La croissance en Europe reste décevante. Pratiquement tous les pays de l'UE devraient connaître une modeste expansion cette année, mais selon les dernières projections du FMI, le taux de croissance moyen de la zone euro ne dépassera guère 1%. Et si l'économie britannique a retrouvé de l'allant, son PIB vient tout juste de dépasser son niveau d'avant-crise. En termes de PIB par tête, l'UE est plus pauvre qu'elle ne l'était il y a sept ans.
Dans ce contexte un nouvel objectif s'est fait jour : promouvoir l'investissement. A la tête de la présidence tournante de l'UE depuis le 1er juillet, le Premier ministre italien, Matteo Renzi, pousse dans ce sens.

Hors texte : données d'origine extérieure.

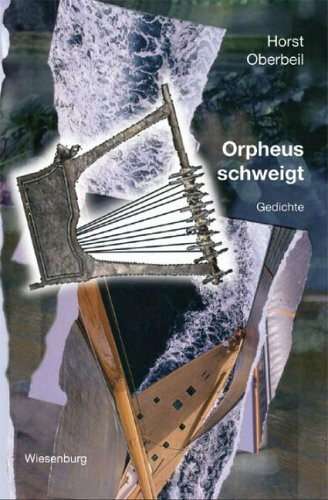 Orpheus schweigt: Gedichte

Jean-Claude Juncker, le futur président de la Commission européenne, en fait sa "première priorité" et entend mobiliser au cours des trois prochaines années 100 milliards d'euros supplémentaires par an (0,75% du PIB) en faveur de l'investissement public et privé.
Indéniablement, l'appel à investir est politiquement séduisant. L'objectif peut rassembler keynésiens et partisans de l'offre, défenseurs des dépenses publiques et avocats des entreprises privées. Des taux d'intérêt à long terme historiquement bas créent en outre un contexte exceptionnellement favorable à la formation de capital.
De cela ne découle cependant pas mécaniquement que l'Etat doive injecter de l'argent public dans des projets d'infrastructure ou soutenir davantage l'investissement privé, alors même que les conditions de marché y sont déjà très favorables.
A un moment où les revenus des ménages sont stagnants ou en baisse, les fonds publics rares et le fardeau des dettes difficilement supportable, les projets de stimulation de l'investissement doivent faire l'objet d'un examen attentif.
Même des projets a priori bien intentionnés et bien choisis peuvent se révéler contre-productifs : il y a seulement quelques années, la politique européenne de soutien aux énergies renouvelables a donné naissance à une bulle de l'énergie solaire de proportion macroéconomique.
Favoriser les énergies renouvelables est une bonne chose, mais pour diminuer les émissions de gaz à effet de serre, il faut trouver le bon équilibre entre déployer les technologies actuellement disponibles, dont le rendement est relativement faible, et consacrer des moyens à la recherche de technologies de production d'énergie verte plus efficaces.
Avant de se lancer dans un programme d'encouragement à l'investissement, il faut commencer par déterminer si la médiocre croissance en Europe résulte une formation anormalement faible du capital. Les statistiques suggèrent que c'est le cas : entre 2007 et 2013, l'investissement a chuté de 18% dans l'UE, alors qu'il n'a diminué que de 6% aux Etats-Unis. En Europe du Sud, il s'est littéralement effondré ; et même en Allemagne, ce n'est que cette année qu'il a retrouvé son niveau d'avant-crise.
Mais cette observation ne suffit pas. L'excès d'investissement dans l'immobilier des années 2000-2007 devait inévitablement être suivi d'un ajustement à la baisse : les mises en chantier inconsidérées d'immeubles sans occupants et d'aéroports sans passagers ne pouvaient se prolonger longtemps. Plus généralement, l'investissement tend à s'aligner sur la croissance : les entreprises n'augmentent leur capacité que si la demande correspondante existe. Presque toujours la récession entraîne une chute plus que proportionnelle de l'investissement.